Tanpa Tuhan, dan Proses Kesadaran Manusia [1]
Pada gagasan dan tulisan  "Whitehead  tema "Tanpa Tuhan"  menunjukkan  sistem metafisik yang koheren dan dapat dipertahankan dapat dipertahankan dengan menggeser peran yang ditugaskan kepada Tuhan dalam kosmologi Whitehead menjadi faktor-faktor lain di dalamnya. skema. John Cobb, di sisi lain, menyangkal  "Whitehead tanpa Tuhan" memiliki koherensi, dengan gagasan  Sherburne,  memungkinkan persesuaian dengan eksistensialis, terutama Camus dan Sartre.
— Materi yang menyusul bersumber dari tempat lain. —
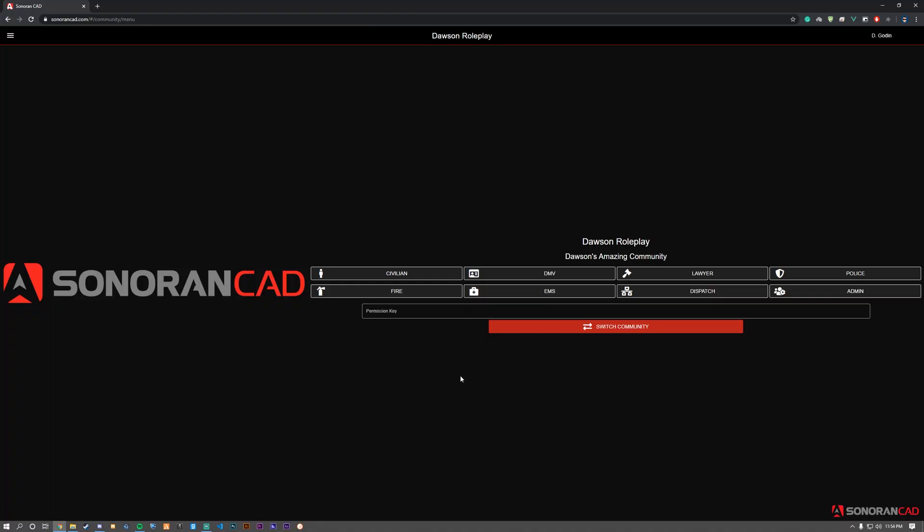Welcome to the installation tutorial of Sonoran CAD's brand new plugin framework. We'll be installing the framework that powers plugins that interact with the API within Sonoran CAD.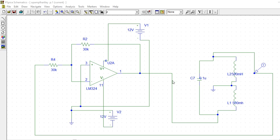So this is about the Hartley oscillator. You can design for some other values also and see. You can change this circuit to your desired frequency.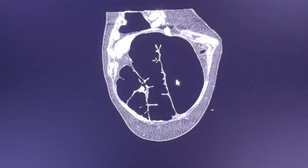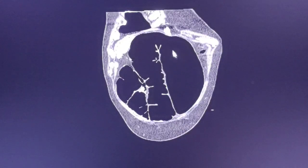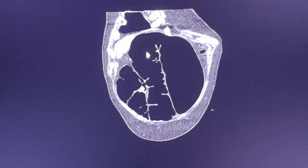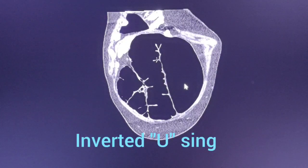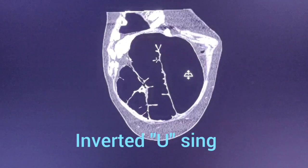In coronal views, you can see the typical reversed U shape of the sigmoid colon. This is the typical sign of sigmoid volvulus.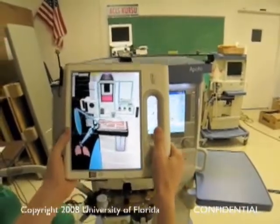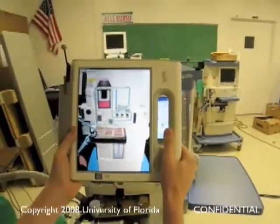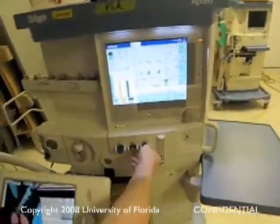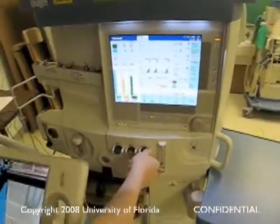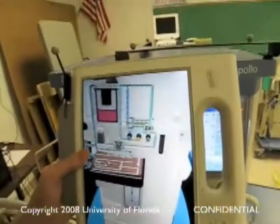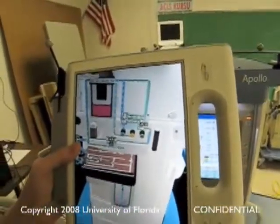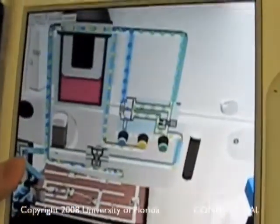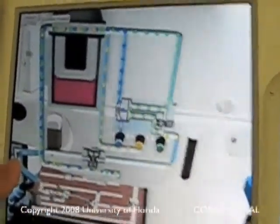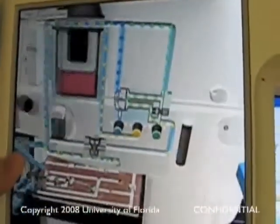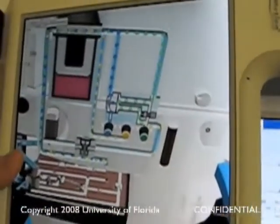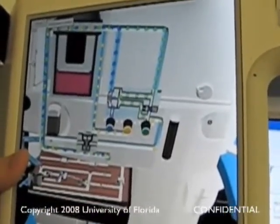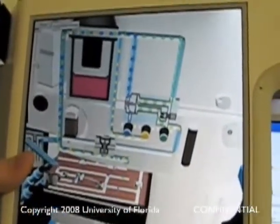I'm going to show you some of the different features of this machine. For example, I'm going to turn the oxygen off, and if you look at the green particles they will stop. If I turn off the air too, you'll notice that the nitrous stops as well — those are the blue particles.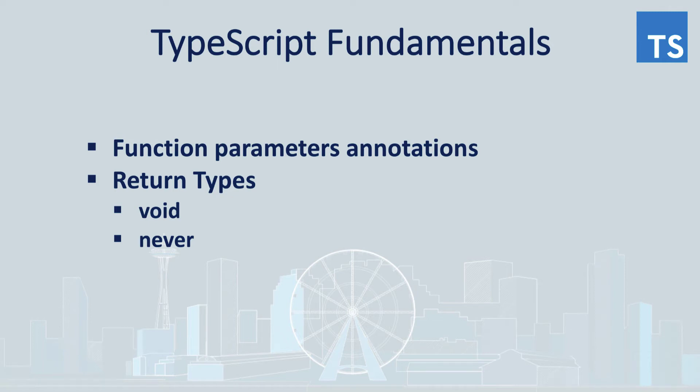Hello everyone! Another episode of TypeScript Fundamentals is here and today we will be talking about function parameter annotations. We'll discuss in detail return types such as void and never types.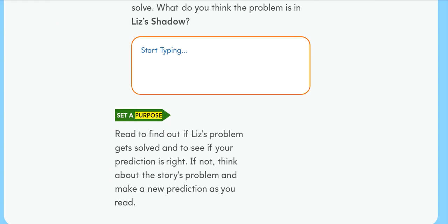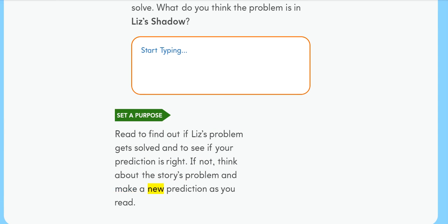Set a purpose. Read to find out if Liz's problem gets solved and to see if your prediction is right. If not, think about the story's problem and make a new prediction as you read.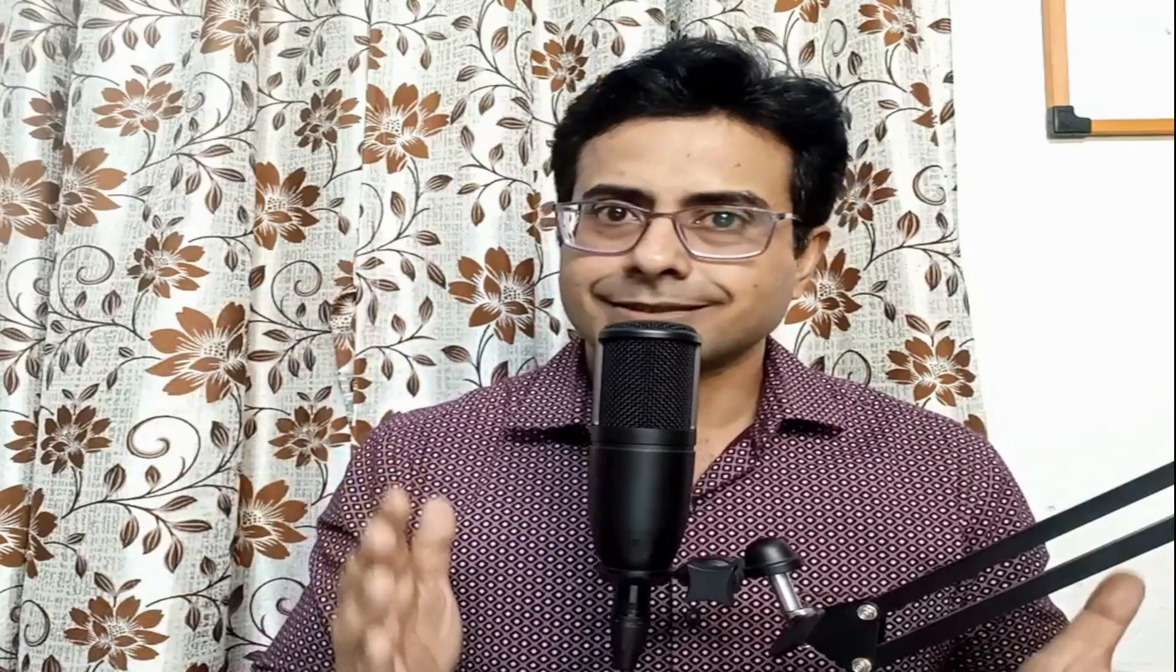This is where Solver steps in. Whether you are trying to optimize cost, maximize profit, or find the perfect balance between different variables, Excel Solver helps you reach the best possible solution automatically. In this video, I'll be showing you how to use Solver in a simple and practical way so that you can apply it to your everyday real life data analysis problems. So let's dive in.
Sherburne, berbeda dengan orang-orang Whitehead lainnya dan dalam persetujuan dengan "eksistensialis," menyangkal  nilai kehidupan bergantung pada Tuhan yang memberikan keyakinan umum pada manusia tentang nilai akhir kehidupan (Ogden) atau dengan rasa kebajikan nilai. dari saat ini apa pun hasil akhirnya (Cobb).Â
Dia menegaskan Tuhan dapat disingkirkan dari sistem Whitehead dan masih akan ada nilai "pengalaman seperti yang langsung dirasakan oleh subyek sementara;
Tesisnya adalah  lingkungan Kristen Whitehead, bukan pengembangan sistematik yang diperlukan, mungkin bertanggung jawab atas "pembicaraan Tuhan" Whitehead. Karena "God-talk" telah kehilangan daya tariknya bagi banyak pria, Sherburne mengusulkan penggabungan antara Whitehead sans God dan eksistensialis sans ennui.
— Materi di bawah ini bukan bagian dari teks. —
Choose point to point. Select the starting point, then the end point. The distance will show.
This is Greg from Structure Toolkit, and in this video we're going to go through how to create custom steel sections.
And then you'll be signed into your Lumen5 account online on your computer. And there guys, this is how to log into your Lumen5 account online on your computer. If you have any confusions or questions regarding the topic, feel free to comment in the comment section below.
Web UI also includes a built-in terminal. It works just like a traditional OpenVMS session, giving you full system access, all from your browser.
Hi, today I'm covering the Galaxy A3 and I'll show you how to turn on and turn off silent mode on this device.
Sejak Whitehead menulis, Camus dan Sartre telah muncul di tempat kejadian. Saya merasa  apa yang harus dilakukan adalah membawa "pahlawan yang absurd" dalam konteks ontologi yang direvisi, naturalistik, neo-Whiteheadian - penggabungan ini akan menghilangkan kekerasan keputusasaan yang suram dari satu posisi dan sisa-sisa peninggalan Victorianisme dari yang lain karena mengaitkan rasa tidak aman yang kreatif, petualangan, dengan analisis metafisik yang lebih tajam daripada yang bisa dicapai oleh eksistensialis.
Namun, tidak akurat untuk menghubungkan Camus ke Sartre atau ke posisi "keputusasaan suram." Kedua lelaki itu memegang sudut pandang yang berbeda dan "musim panas yang tak terkalahkan" Camus menghangatkan bahkan musim dingin yang paling suram dari ketidakpuasan. Tetapi titik fokus dari esai ini bukan untuk menegur Sherburne karena menggabungkan Camus dan Sartre bersama-sama.Â
Sebaliknya saya ingin menguji asumsi  pemikiran Camus tidak mengizinkan gagasan tentang Tuhan. Sebaliknya, saya berpikir  "Camus dengan Tuhan" tidak hanya mungkin dalam pandangannya, tetapi sesuai dengan proses pemikiran tentang Tuhan.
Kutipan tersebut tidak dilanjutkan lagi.